A pause so long ballooned up in the room that at any second I expected an explosion. A gun, maybe, or a glass breaking.
My nerves were as frazzled as strobe lighting in a nightclub. The bass I hear is the sound of my heart. Thump, thump, thump.
Deep Voice: “Go knock some shit over and let’s get the fuck outta here.”
“Me?” The kid replies. “Why I gotta go in there?

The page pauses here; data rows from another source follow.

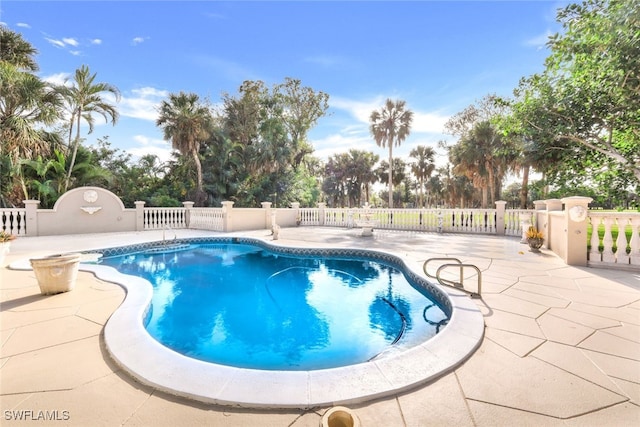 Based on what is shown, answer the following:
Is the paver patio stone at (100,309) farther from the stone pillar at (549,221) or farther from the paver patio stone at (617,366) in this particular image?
the stone pillar at (549,221)

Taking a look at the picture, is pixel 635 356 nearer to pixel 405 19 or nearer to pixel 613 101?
pixel 613 101

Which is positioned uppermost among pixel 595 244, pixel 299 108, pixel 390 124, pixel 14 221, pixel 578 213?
pixel 299 108

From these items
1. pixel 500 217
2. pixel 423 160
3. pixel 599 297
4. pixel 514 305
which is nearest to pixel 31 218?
pixel 514 305

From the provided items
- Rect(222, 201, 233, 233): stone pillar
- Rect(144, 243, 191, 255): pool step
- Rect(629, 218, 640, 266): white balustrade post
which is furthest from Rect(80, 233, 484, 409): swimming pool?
Rect(222, 201, 233, 233): stone pillar

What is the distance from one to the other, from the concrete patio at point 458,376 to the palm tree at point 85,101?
11.7 meters

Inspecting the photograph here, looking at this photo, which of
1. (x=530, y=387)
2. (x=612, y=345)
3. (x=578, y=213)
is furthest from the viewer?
(x=578, y=213)

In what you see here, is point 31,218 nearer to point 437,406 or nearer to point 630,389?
point 437,406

Why don’t you go in there?”
“Cause I put the deal together, that’s why.”
“Yeah, but I put you in contact with the guy who helped us put the deal together.”
In a strained whisper, Deep Voice responds, “Your friend is an idiot ’cause I’m pretty sure this is the wrong house, anyway. No one who keeps a stash of X in their crib is also making pancakes.”
One of the guys smacks his lips and steps into the family room. He knocks some stuff over, including the books on the side table that was providing me with cover. If the light is turned on, or if he takes half a second to look at what he’s doing, he’ll see me.
“Let’s go,” Deep Voice says.
I look down at my hands. They’re barely visible but they tremble so violently it’s a wonder the guys couldn’t hear the coffee sloshing.
A few seconds later, a squeaking sound comes from the bathroom. The shower curtain rustles. Relaxed in their mistaken assumption that the house was urgently abandoned, they make far more noise upon exiting than they did entering.
After a few minutes, I call out meekly for Mom. No answer. But in the distance, I hear the whirl of sirens. The same sound that used to give me chills as a young girl, for fear of some dreadful thing befalling my parents, gives me comfort as I put the pot on the table and rush toward safety.